═════ DATA FOR PROCESSING ═════
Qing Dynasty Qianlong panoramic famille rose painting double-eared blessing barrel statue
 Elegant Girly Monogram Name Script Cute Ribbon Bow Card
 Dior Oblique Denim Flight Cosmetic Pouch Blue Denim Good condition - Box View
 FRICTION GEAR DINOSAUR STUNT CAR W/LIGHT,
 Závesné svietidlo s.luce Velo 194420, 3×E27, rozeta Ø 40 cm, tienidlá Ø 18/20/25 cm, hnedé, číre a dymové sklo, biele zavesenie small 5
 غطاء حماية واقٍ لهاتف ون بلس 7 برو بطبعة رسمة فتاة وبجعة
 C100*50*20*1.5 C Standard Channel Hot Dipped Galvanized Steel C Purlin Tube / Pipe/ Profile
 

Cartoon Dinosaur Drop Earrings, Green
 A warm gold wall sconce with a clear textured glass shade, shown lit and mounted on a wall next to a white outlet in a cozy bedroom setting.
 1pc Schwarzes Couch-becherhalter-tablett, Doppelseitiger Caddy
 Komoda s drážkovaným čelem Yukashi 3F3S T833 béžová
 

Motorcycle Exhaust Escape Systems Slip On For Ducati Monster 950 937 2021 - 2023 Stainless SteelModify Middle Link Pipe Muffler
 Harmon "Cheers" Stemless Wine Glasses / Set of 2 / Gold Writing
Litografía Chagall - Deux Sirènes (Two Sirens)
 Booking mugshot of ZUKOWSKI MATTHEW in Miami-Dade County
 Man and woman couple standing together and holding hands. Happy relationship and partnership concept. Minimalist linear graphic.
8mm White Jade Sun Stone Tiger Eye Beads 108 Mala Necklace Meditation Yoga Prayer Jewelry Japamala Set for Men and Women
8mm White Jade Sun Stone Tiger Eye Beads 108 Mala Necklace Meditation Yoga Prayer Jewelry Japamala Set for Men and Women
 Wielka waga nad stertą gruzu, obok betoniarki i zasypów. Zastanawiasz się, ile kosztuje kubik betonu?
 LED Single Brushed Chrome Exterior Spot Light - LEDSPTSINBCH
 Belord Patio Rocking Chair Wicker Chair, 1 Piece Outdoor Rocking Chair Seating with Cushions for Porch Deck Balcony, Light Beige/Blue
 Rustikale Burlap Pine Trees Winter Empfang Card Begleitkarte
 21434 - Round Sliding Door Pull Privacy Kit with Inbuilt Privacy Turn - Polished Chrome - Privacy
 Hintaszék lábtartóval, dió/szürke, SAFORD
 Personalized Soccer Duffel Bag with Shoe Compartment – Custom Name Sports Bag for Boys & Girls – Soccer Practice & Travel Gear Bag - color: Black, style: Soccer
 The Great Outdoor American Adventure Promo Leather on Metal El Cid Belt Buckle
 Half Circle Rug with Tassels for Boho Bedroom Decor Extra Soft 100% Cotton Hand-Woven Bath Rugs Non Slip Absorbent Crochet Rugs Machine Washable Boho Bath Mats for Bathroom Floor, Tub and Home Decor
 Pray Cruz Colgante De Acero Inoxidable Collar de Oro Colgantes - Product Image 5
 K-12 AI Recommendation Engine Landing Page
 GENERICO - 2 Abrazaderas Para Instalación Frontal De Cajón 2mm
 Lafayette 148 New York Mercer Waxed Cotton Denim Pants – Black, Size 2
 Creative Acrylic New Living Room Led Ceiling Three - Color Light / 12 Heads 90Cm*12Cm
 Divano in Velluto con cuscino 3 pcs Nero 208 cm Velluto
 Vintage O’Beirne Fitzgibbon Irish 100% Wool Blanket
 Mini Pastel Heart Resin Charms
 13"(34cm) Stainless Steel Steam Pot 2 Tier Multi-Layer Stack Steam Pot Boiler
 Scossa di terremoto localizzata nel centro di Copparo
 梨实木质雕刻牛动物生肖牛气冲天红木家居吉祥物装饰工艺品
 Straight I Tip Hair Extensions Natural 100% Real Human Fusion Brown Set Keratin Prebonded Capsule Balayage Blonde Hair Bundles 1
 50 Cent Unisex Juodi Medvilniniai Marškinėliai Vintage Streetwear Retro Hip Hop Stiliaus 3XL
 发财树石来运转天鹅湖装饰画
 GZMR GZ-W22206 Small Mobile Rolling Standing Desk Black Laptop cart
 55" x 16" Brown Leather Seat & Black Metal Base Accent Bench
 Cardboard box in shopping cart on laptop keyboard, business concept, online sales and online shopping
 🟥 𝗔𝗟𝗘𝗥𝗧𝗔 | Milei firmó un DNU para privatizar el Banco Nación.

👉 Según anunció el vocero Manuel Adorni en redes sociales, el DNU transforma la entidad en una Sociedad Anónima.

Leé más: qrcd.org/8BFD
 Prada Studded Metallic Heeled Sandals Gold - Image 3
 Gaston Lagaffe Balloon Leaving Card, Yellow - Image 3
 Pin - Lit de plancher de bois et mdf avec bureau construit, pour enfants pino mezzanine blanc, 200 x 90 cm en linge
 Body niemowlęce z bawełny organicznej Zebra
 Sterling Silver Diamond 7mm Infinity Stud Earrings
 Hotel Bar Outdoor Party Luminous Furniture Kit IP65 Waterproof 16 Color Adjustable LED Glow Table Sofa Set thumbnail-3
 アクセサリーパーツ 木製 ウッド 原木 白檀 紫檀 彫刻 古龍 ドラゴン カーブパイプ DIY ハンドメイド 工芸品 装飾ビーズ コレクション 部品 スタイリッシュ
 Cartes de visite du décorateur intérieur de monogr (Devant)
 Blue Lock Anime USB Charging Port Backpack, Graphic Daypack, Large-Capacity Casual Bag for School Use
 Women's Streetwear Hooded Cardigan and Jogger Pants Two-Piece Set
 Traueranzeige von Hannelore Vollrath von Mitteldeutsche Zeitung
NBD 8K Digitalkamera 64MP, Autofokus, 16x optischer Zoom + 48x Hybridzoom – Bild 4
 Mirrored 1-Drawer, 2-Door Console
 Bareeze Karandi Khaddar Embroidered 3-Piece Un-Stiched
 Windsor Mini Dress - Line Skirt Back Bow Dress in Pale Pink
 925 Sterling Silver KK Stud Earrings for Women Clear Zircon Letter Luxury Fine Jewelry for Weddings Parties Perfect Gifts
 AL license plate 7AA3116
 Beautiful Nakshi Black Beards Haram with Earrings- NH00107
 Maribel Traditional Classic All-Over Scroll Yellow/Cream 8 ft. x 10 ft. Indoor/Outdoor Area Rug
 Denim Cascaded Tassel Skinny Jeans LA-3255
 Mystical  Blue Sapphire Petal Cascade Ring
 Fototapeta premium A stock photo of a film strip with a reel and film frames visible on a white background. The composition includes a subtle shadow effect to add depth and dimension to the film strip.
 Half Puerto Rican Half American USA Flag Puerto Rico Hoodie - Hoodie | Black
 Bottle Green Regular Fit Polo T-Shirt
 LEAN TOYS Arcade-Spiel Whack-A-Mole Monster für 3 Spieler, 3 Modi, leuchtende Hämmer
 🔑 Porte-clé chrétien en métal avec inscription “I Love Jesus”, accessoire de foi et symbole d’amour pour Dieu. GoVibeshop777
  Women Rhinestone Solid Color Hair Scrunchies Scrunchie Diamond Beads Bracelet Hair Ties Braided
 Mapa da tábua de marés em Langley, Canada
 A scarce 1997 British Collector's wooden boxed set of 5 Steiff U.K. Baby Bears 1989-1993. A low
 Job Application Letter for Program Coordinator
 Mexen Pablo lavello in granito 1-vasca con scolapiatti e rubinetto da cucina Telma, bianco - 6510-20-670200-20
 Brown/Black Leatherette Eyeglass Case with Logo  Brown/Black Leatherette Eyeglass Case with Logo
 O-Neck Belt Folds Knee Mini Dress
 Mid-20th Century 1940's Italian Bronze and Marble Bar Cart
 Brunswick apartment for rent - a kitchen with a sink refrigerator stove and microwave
═════
▶ _WHAT THE EXERCISE ASKS_:
Reprint exactly the lines above that start at the one with "Belord Patio Rocking" and end at the one with "Base Accent Bench", keeping both and adding none.

▶ _EXERCISE RESPONSE_:
 Belord Patio Rocking Chair Wicker Chair, 1 Piece Outdoor Rocking Chair Seating with Cushions for Porch Deck Balcony, Light Beige/Blue
 Rustikale Burlap Pine Trees Winter Empfang Card Begleitkarte
 21434 - Round Sliding Door Pull Privacy Kit with Inbuilt Privacy Turn - Polished Chrome - Privacy
 Hintaszék lábtartóval, dió/szürke, SAFORD
 Personalized Soccer Duffel Bag with Shoe Compartment – Custom Name Sports Bag for Boys & Girls – Soccer Practice & Travel Gear Bag - color: Black, style: Soccer
 The Great Outdoor American Adventure Promo Leather on Metal El Cid Belt Buckle
 Half Circle Rug with Tassels for Boho Bedroom Decor Extra Soft 100% Cotton Hand-Woven Bath Rugs Non Slip Absorbent Crochet Rugs Machine Washable Boho Bath Mats for Bathroom Floor, Tub and Home Decor
 Pray Cruz Colgante De Acero Inoxidable Collar de Oro Colgantes - Product Image 5
 K-12 AI Recommendation Engine Landing Page
 GENERICO - 2 Abrazaderas Para Instalación Frontal De Cajón 2mm
 Lafayette 148 New York Mercer Waxed Cotton Denim Pants – Black, Size 2
 Creative Acrylic New Living Room Led Ceiling Three - Color Light / 12 Heads 90Cm*12Cm
 Divano in Velluto con cuscino 3 pcs Nero 208 cm Velluto
 Vintage O’Beirne Fitzgibbon Irish 100% Wool Blanket
 Mini Pastel Heart Resin Charms
 13"(34cm) Stainless Steel Steam Pot 2 Tier Multi-Layer Stack Steam Pot Boiler
 Scossa di terremoto localizzata nel centro di Copparo
 梨实木质雕刻牛动物生肖牛气冲天红木家居吉祥物装饰工艺品
 Straight I Tip Hair Extensions Natural 100% Real Human Fusion Brown Set Keratin Prebonded Capsule Balayage Blonde Hair Bundles 1
 50 Cent Unisex Juodi Medvilniniai Marškinėliai Vintage Streetwear Retro Hip Hop Stiliaus 3XL
 发财树石来运转天鹅湖装饰画
 GZMR GZ-W22206 Small Mobile Rolling Standing Desk Black Laptop cart
 55" x 16" Brown Leather Seat & Black Metal Base Accent Bench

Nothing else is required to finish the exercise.